Ingredients for Bowl:

2/3 cup cooked quinoa

2 tablespoons matchstick-cut carrot

2 tablespoons chopped red bell pepper

2 tablespoons steamed edamame

1/4 cup shredded red cabbage

3 ounces broiled salmon

1 teaspoon chopped dry-roasted peanuts

Ingredients for Dressing:

1 teaspoon creamy almond butter (subbing almond butter for peanut butter on a detox :)

1 teaspoon lower-sodium soy sauce

1/2 teaspoon rice vinegar

1/2 teaspoon dark sesame oil

1/2 teaspoon fresh lime juice

 

Recipe

1. Prep salmon. Wash with cold water and pat dry with paper towels. Coat with 1-2 tablespoons of olive oil, season with salt and pepper.

2. Cook quinoa to fluffy texture. Heat water. Measure out 1 and 3/4 cups water, add back to pot with 1 cup quinoa and a few pinches of salt.

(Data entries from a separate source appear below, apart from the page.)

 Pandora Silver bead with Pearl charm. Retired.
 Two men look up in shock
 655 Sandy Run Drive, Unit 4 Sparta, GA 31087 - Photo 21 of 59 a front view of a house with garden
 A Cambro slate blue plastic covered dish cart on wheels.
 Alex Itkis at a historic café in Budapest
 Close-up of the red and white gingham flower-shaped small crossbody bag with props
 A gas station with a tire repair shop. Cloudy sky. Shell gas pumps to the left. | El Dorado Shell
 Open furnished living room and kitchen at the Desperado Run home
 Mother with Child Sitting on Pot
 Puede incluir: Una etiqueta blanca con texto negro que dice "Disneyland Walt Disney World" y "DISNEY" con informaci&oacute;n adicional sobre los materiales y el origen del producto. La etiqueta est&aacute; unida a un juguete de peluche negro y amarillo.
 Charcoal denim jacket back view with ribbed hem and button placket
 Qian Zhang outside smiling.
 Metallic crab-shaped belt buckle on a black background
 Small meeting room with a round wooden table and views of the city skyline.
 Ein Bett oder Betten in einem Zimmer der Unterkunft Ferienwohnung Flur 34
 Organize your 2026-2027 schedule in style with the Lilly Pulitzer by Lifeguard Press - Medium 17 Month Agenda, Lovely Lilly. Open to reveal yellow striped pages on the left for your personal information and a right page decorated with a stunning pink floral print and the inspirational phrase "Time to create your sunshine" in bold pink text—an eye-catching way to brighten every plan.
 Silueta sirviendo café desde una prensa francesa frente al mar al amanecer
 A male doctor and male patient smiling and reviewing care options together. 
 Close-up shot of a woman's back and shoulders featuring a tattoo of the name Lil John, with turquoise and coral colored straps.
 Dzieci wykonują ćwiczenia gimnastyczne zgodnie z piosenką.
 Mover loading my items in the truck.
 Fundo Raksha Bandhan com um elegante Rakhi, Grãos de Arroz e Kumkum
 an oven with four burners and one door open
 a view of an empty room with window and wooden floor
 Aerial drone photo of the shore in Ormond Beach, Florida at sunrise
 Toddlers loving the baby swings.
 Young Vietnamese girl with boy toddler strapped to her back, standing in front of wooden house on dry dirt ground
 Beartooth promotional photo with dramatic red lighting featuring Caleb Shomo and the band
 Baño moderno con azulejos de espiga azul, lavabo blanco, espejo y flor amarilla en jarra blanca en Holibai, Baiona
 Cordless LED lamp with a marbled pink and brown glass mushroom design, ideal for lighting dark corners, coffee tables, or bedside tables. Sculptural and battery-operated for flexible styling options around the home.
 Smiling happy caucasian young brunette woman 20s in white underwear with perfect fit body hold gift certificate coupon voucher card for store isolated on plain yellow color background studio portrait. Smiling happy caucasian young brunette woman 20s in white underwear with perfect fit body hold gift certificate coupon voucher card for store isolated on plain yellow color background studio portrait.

2. Cut carrot into matchstick size. Shave cabbage. Dice pepper.

3. Steam edamame in steamer bowl or microwave.

4. Make dressing. In a small bowl, combine peanut butter, soy sauce, vinegar, sesame oil, and lime juice, stirring well with a whisk. Drizzle over bowl.

5. Heat sautee pan to high heat. Sautee salmon for 3 minutes on each side. 

6. Prepare bowl and top with dressing. Enjoy!